- **Task objective**: Write out each record a second time, exactly.

Short text fragments from websites:

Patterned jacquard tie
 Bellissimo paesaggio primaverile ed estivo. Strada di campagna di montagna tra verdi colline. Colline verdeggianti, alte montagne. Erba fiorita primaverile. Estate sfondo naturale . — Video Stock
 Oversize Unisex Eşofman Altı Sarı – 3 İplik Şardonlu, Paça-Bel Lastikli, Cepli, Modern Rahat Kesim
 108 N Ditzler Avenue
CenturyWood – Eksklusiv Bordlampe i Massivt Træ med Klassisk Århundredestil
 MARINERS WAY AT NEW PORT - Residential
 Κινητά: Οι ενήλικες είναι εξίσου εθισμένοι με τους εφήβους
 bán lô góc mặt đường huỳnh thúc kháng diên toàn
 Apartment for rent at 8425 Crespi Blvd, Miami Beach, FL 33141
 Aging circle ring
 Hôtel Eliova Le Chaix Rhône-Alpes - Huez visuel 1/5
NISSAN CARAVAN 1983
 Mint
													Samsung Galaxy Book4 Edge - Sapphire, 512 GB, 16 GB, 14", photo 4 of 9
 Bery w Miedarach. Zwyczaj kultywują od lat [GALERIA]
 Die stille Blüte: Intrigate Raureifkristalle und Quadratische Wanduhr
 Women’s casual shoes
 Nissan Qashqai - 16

- **Solution below**:
Patterned jacquard tie
 Bellissimo paesaggio primaverile ed estivo. Strada di campagna di montagna tra verdi colline. Colline verdeggianti, alte montagne. Erba fiorita primaverile. Estate sfondo naturale . — Video Stock
 Oversize Unisex Eşofman Altı Sarı – 3 İplik Şardonlu, Paça-Bel Lastikli, Cepli, Modern Rahat Kesim
 108 N Ditzler Avenue
CenturyWood – Eksklusiv Bordlampe i Massivt Træ med Klassisk Århundredestil
 MARINERS WAY AT NEW PORT - Residential
 Κινητά: Οι ενήλικες είναι εξίσου εθισμένοι με τους εφήβους
 bán lô góc mặt đường huỳnh thúc kháng diên toàn
 Apartment for rent at 8425 Crespi Blvd, Miami Beach, FL 33141
 Aging circle ring
 Hôtel Eliova Le Chaix Rhône-Alpes - Huez visuel 1/5
NISSAN CARAVAN 1983
 Mint
													Samsung Galaxy Book4 Edge - Sapphire, 512 GB, 16 GB, 14", photo 4 of 9
 Bery w Miedarach. Zwyczaj kultywują od lat [GALERIA]
 Die stille Blüte: Intrigate Raureifkristalle und Quadratische Wanduhr
 Women’s casual shoes
 Nissan Qashqai - 16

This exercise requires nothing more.